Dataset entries
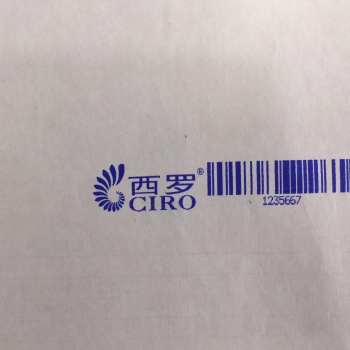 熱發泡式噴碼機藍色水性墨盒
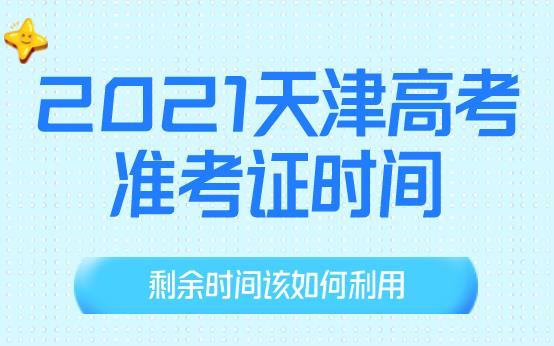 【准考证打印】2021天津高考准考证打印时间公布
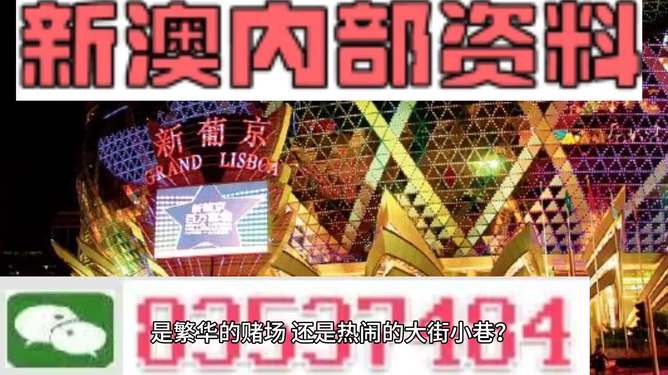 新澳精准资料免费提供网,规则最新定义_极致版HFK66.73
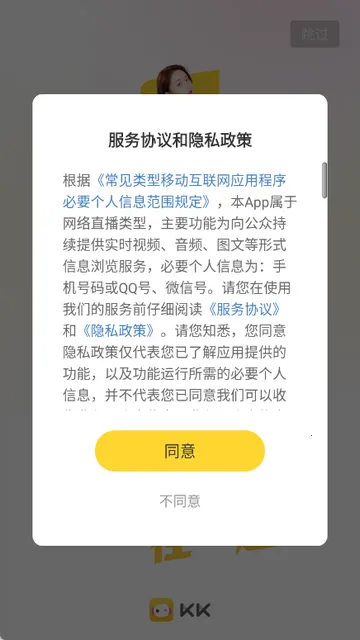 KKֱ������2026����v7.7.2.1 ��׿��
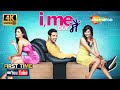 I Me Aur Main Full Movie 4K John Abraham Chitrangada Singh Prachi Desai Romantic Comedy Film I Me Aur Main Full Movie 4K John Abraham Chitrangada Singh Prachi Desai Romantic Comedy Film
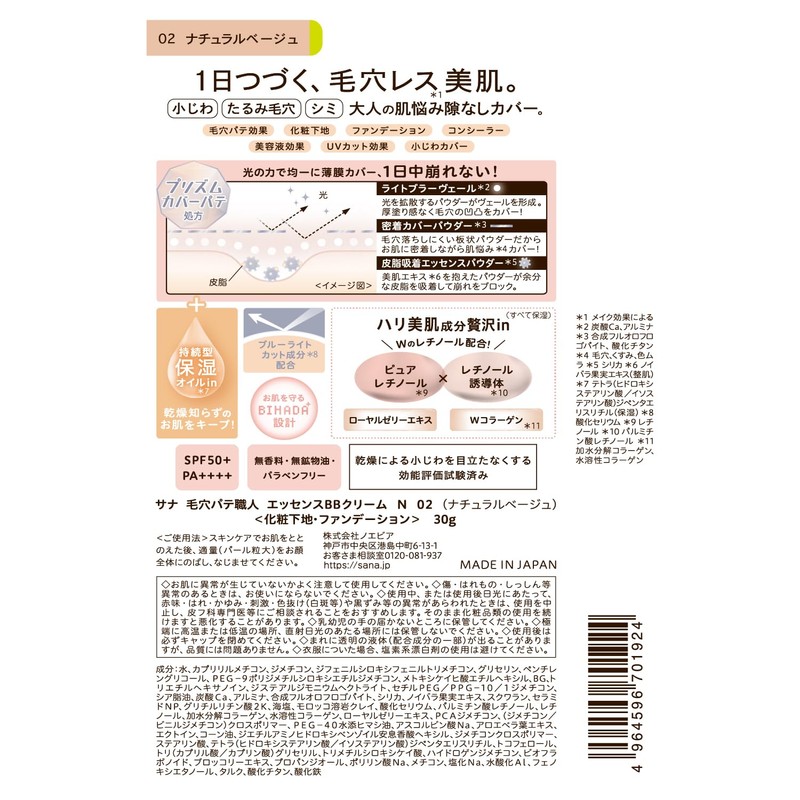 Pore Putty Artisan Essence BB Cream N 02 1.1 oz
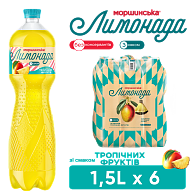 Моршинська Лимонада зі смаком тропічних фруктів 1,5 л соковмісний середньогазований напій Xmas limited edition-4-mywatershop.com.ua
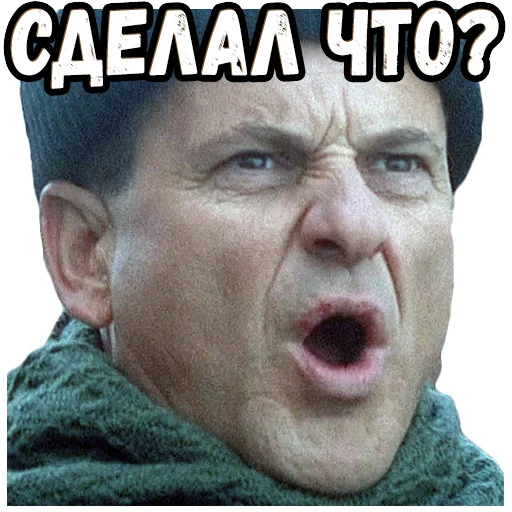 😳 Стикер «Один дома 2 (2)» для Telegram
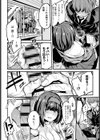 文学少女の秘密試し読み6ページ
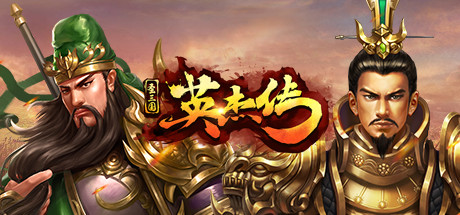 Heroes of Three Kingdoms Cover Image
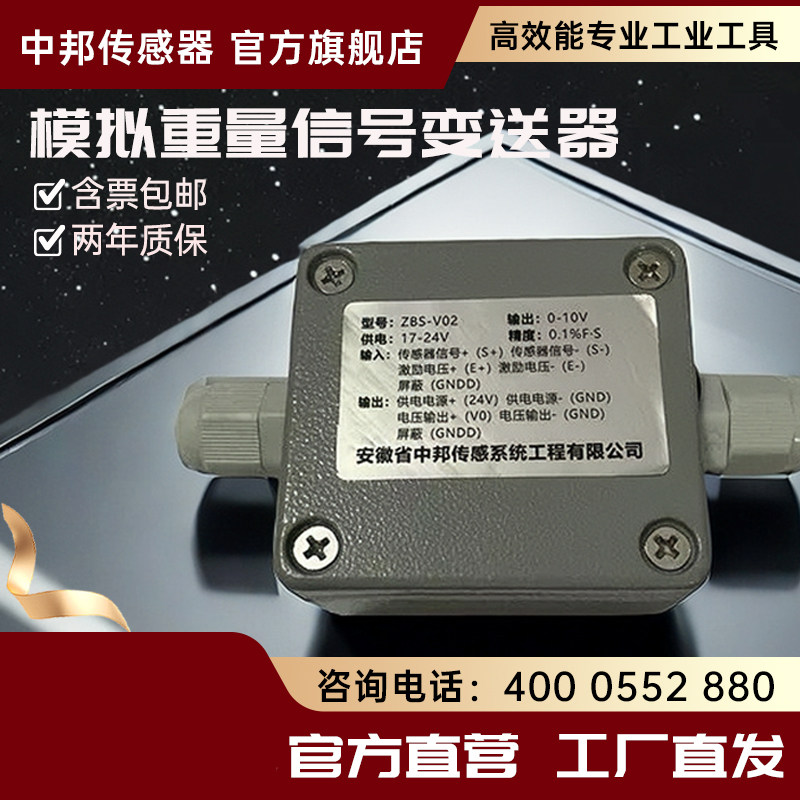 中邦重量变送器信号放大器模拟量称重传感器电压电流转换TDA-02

TASK TO COMPLETE:
All lines from the one holding "Heroes of Three Kingdoms Cover Image" through the last line of the entries, and nothing else, are to be output exactly; leave out the pictures.

TASK OUTPUT:
 Heroes of Three Kingdoms Cover Image
 中邦重量变送器信号放大器模拟量称重传感器电压电流转换TDA-02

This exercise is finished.